[Dataset extract]:
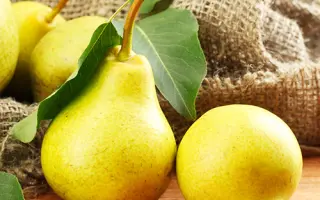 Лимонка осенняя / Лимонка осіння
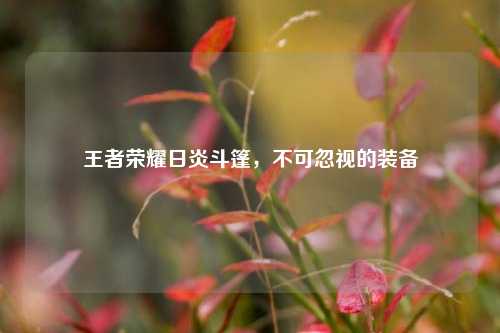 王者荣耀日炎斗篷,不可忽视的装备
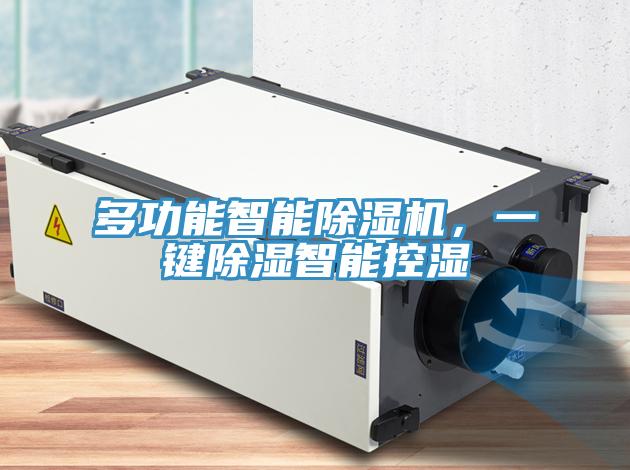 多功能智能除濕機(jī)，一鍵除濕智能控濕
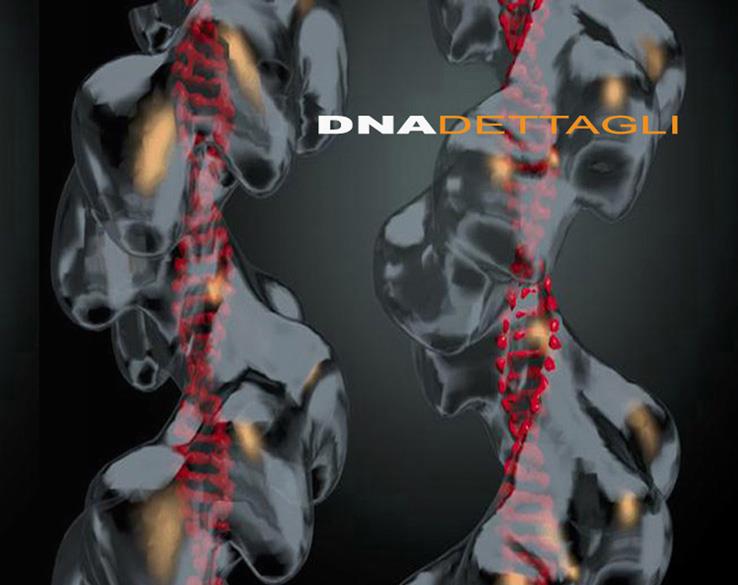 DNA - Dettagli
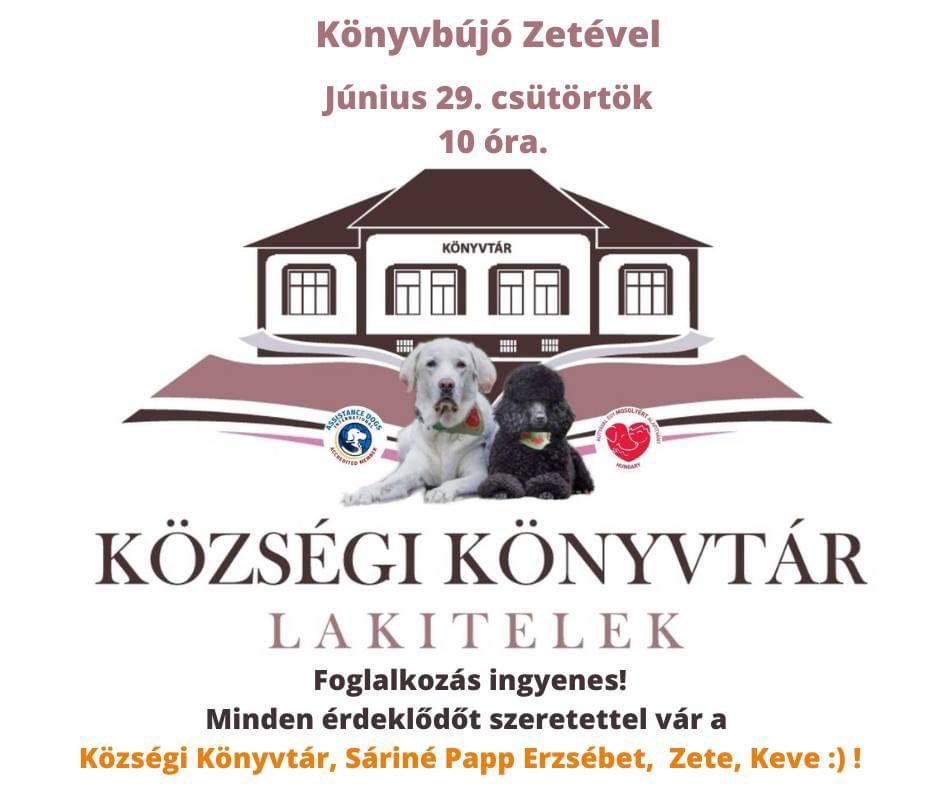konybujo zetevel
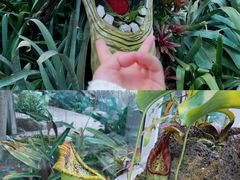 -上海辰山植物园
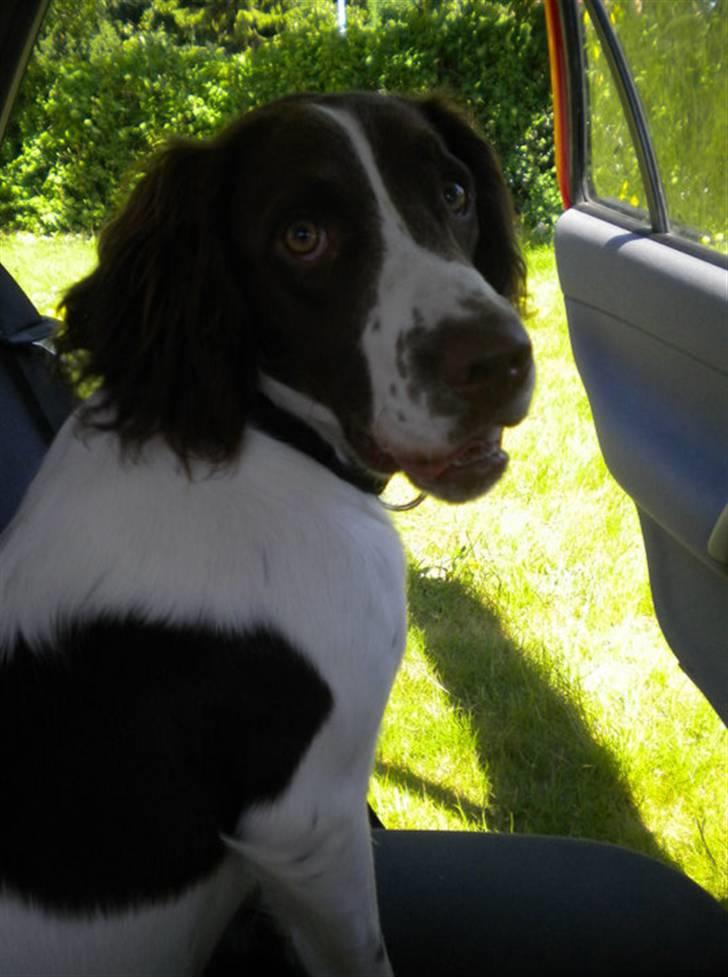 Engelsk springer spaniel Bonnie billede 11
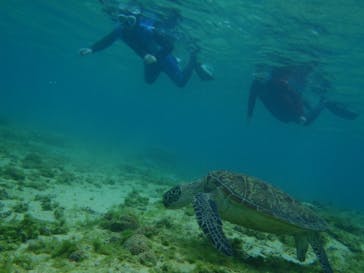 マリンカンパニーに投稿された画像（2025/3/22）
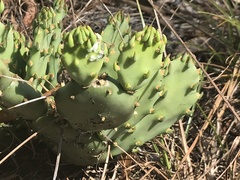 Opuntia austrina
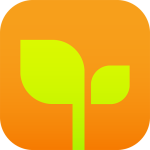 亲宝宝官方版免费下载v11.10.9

--

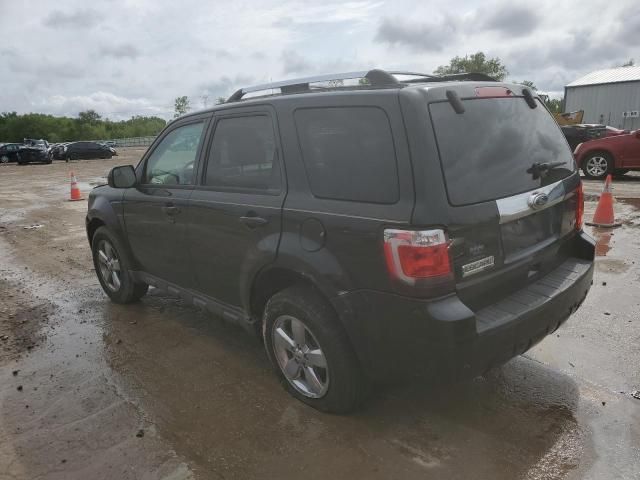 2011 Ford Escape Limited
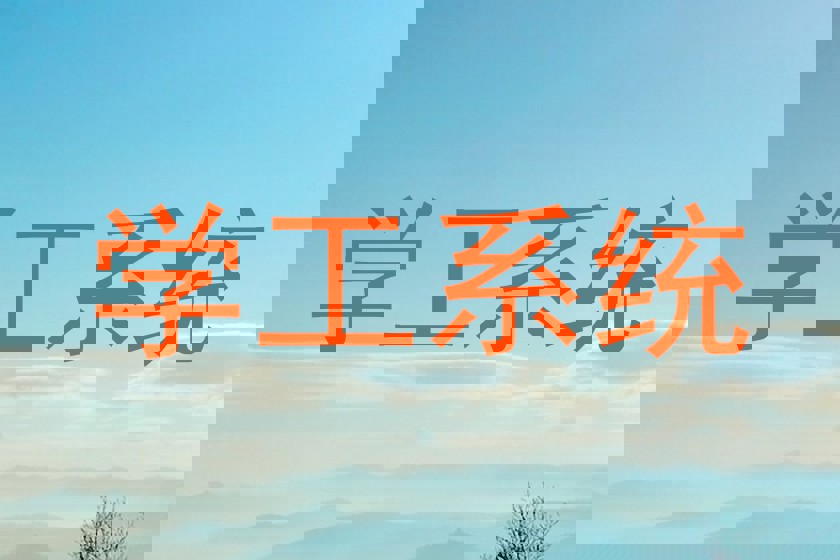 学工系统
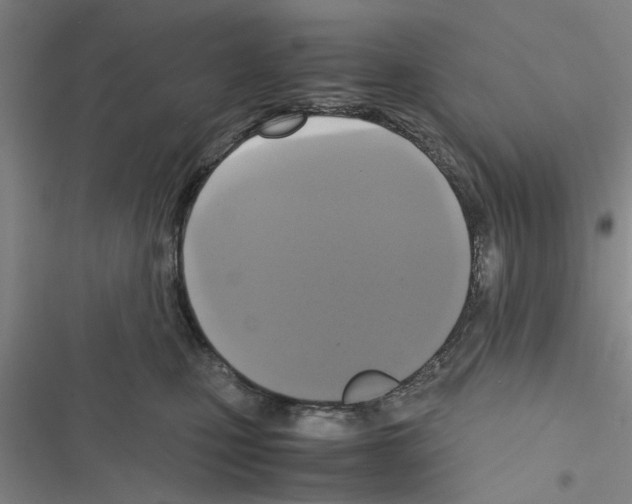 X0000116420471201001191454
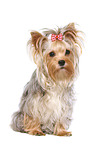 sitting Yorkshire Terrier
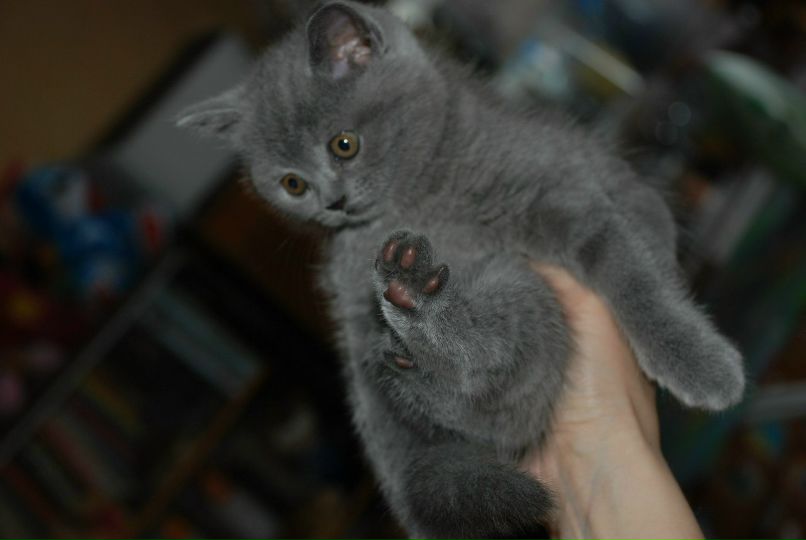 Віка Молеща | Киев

[What this task involves]: Repeat only the stretch of data above that runs from the line with "DNA - Dettagli" to the line with "亲宝宝官方版免费下载v11.10.9". Keep both end lines; exclude pictures.

[Output below]:
 DNA - Dettagli
konybujo zetevel
 -上海辰山植物园
 Engelsk springer spaniel Bonnie billede 11
 マリンカンパニーに投稿された画像（2025/3/22）
 Opuntia austrina
 亲宝宝官方版免费下载v11.10.9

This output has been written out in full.